Es gibt keine definierte Normalität, die jedes Mitglied anzustreben oder zu erfüllen hat. Normal ist allein die Tatsache, dass Unterschiede vorhanden sind. Diese Unterschiede werden als Bereicherung empfunden und haben keine Auswirkungen auf das Recht auf Teilhabe."

(Andrea Schöb, 2013)

Die Einrichtungen der Bremischen Evangelischen Kirche blicken auf eine lange Tradition der Integrationsarbeit. Mittlerweile wurde das Konzept der Integration durch das der Inklusion erweitert.

Inklusion ist ein wesentlich weiter gefasster Begriff – er bezieht sich auf ALLE Menschen, die in unserer Einrichtung zusammenkommen.

Es gibt keine Norm für das Menschsein.
Es ist normal verschieden zu sein.

Richard von Weizsäcker

Für uns bedeutet das zu überlegen …

  • Welche Kompetenzen bringen  Kinder mit, auf denen wir aufbauen können?
  • Welche räumlichen Bedingungen müssen wir schaffen, damit  Kinder ungehindert bei uns leben können?
  • Welche personellen Voraussetzungen müssen wir schaffen, damit  Kinder die notwendige Förderung erhalten?
  • Welche Bedingungen müssen wir schaffen, damit  Kinder vielfältige und sinnvolle (Lern)-Erfahrungen machen können?

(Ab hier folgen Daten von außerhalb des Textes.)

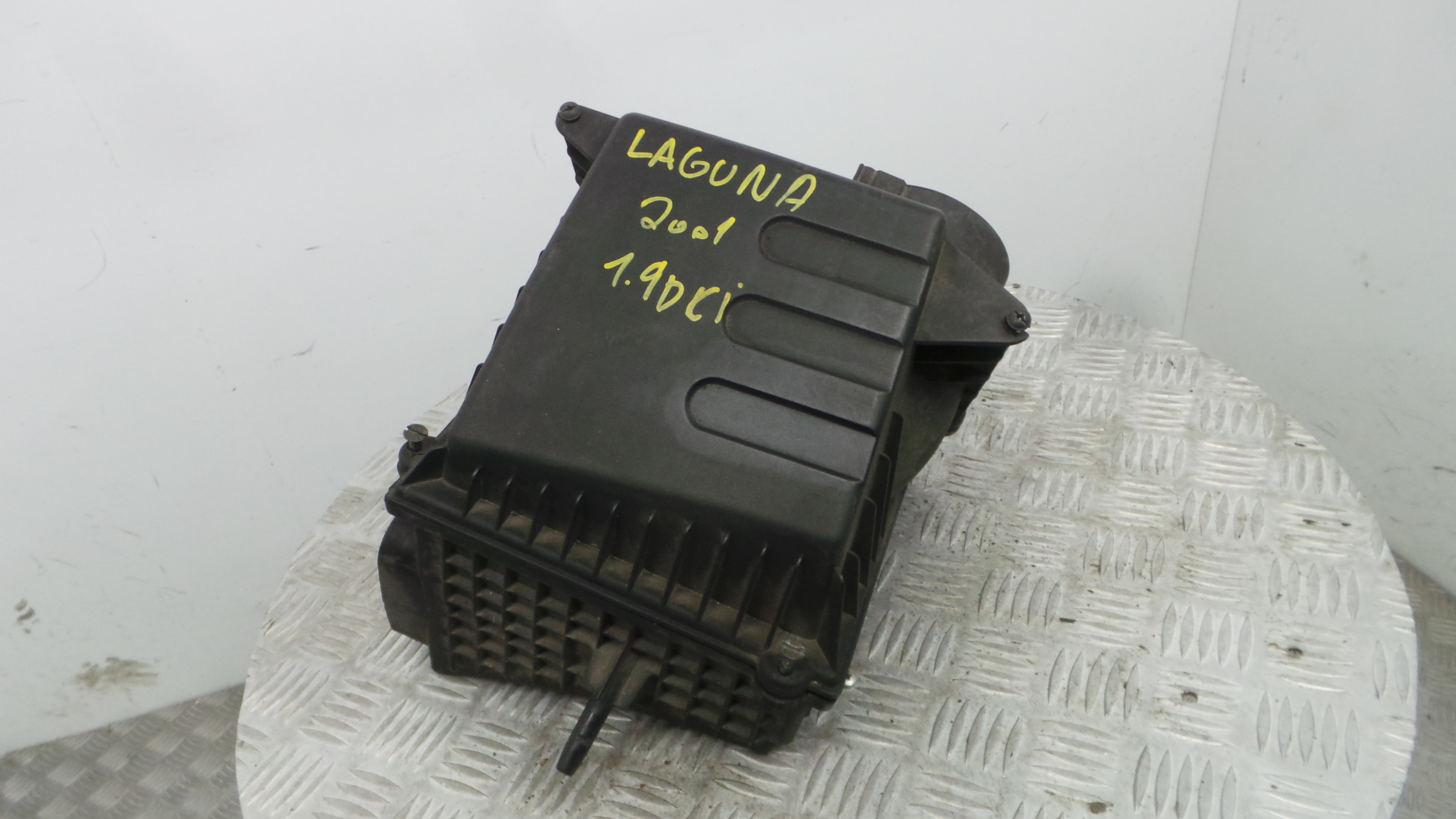 Caixa Filtro de Ar  8200098984 - RENAULT LAGUNA II (BG0/1_)-37095544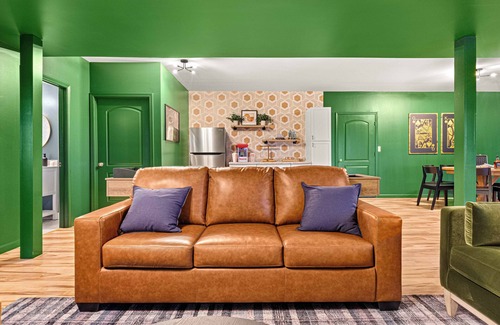 Frankfort House | Bocce Ball Ct, Hot Tub, Game Room, EV Charger, Mins to Buffalo Trace Distillery!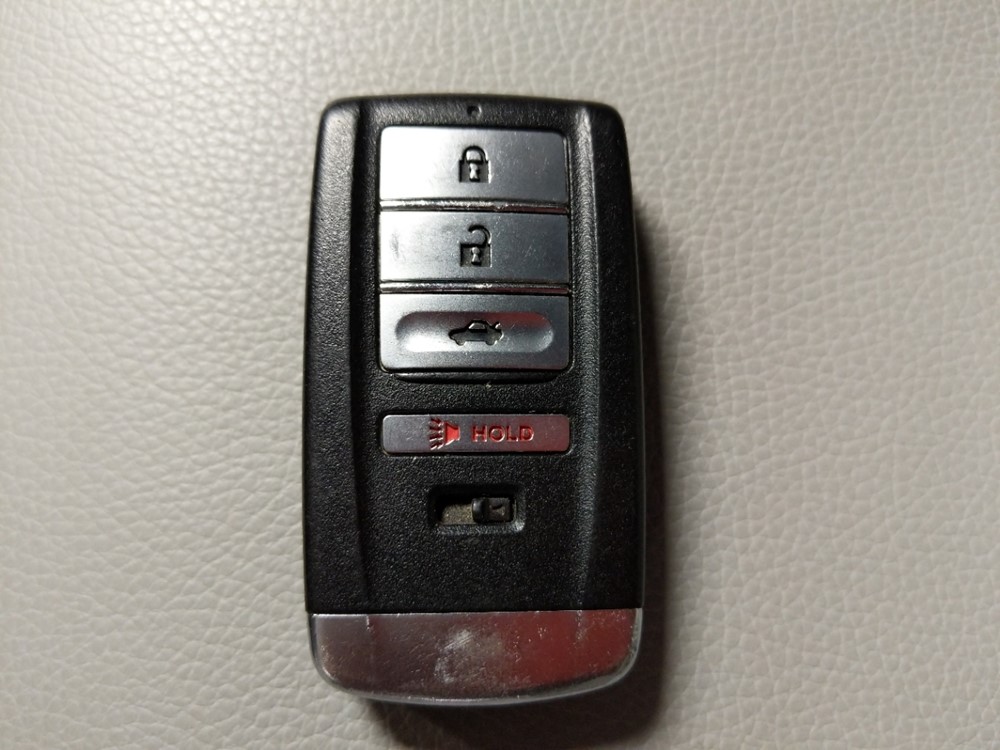 2017 Acura TLX - Keys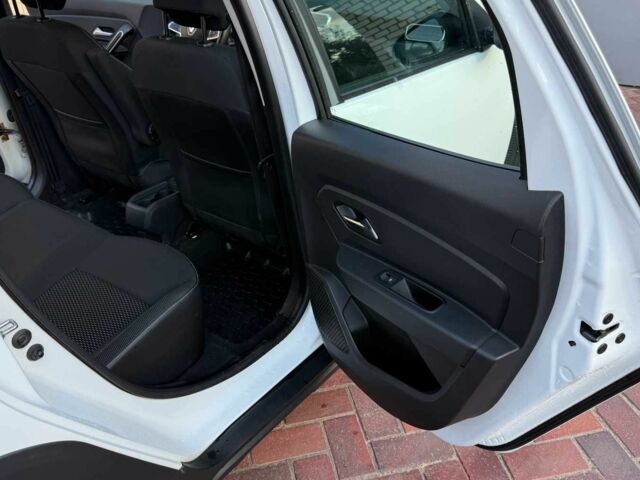 Белый Рено 18, объемом двигателя 1.5 л и пробегом 101 тыс. км за 16300 $, фото 3 на Automoto.ua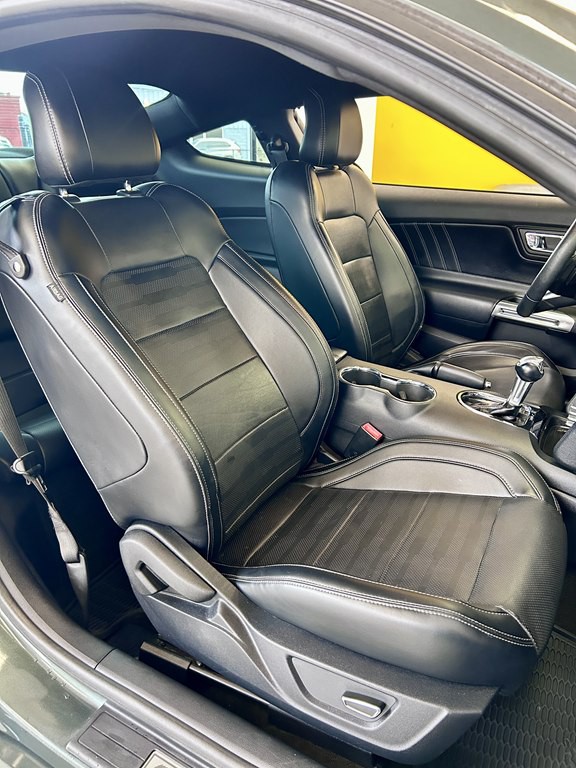 2016 Ford Mustang Image 16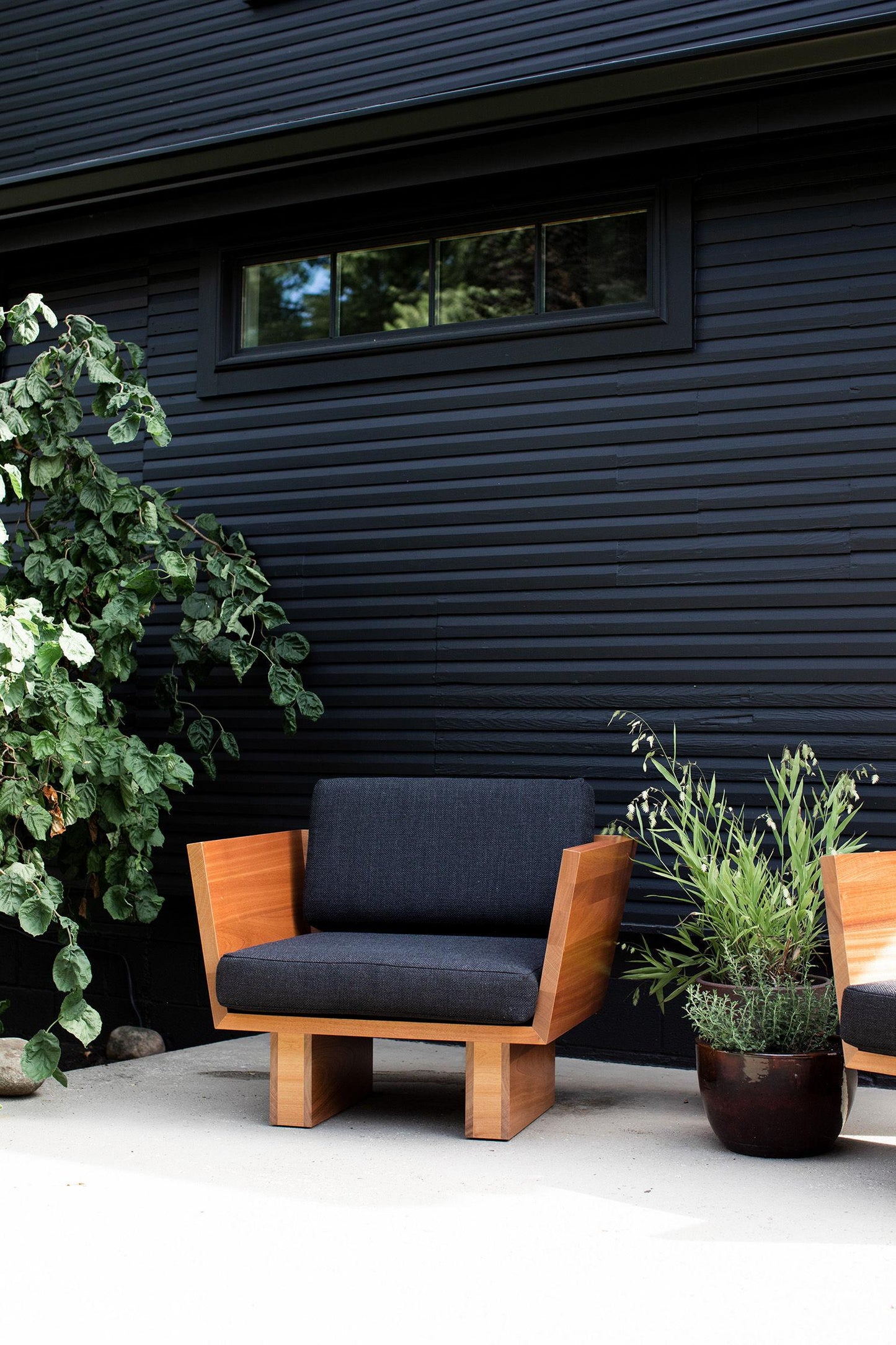 Suelo Outdoor Modern Lounge Chair – Solid Mahogany Frame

Diese Fragen wir uns bei jedem Kind!

Im Kitabereich gibt es Schwerpunkteinrichtungen, in denen pro Kita-Gruppe in der Regel vier Kindern mit einem besonderen Förderbedarf betreut werden. Diese Schwerpunktgruppen werden dafür mit einem besonderen Stundenvolumen ausgestattet. In unserer Einrichtung ist das die Kita Am Fleet. In diesen Schwerpunkteinrichtungen/-gruppen arbeiten auch die MitarbeiterInnen des Frühförderzentrums der Bremischen Evangelischen Kirche (HeilpädagogInnen, KrankengymnastInnen, LogopädInnen, ErgotherapeutInnen …), je nach Förderstufe des einzelnen Kindes ausgestattet mit einem bestimmten Stundenschlüssel. Innerhalb dieses Stundenschlüssels findet die gezielte Förderung der Kinder statt und die Beratung der Eltern in Kooperation mit den pädagogischen Fachkräften. Wenn heilpädagogischer Unterstützungsbedarf festgestellt wird, beraten Kindergarten und Krippe über die Möglichkeiten entsprechende Hilfen zu bekommen.

So geht es weiter:

Die Eltern stellen dann in Kooperation mit dem Frühförderzentrum in der Kita einen Antrag auf die Überprüfung des Förderbedarfs, der wird an das zuständige Gesundheitsamt weitergeleitet. Von dort erhalten die Eltern anschließend eine Einladung zur Vorstellung bei der GesundheitsamtsärztIn. Wenn die Einschätzung der ÄrztIn vorliegt, kann die Förderung in der Kita beginnen.

Der Wunsch inklusiv zu arbeiten, ist zu einem unverzichtbaren Teil und gleichermaßen zu einer Bereicherung und Herausforderung unserer Arbeit geworden. In einem selbstverständlichen MITEINANDER von Kindern mit und ohne Beeinträchtigung versuchen wir, Vorurteile und Berührungsängste abzubauen.

Wir hoffen sehr, dass wir zukünftig in allen unseren vier Standorten inklusiv arbeiten können.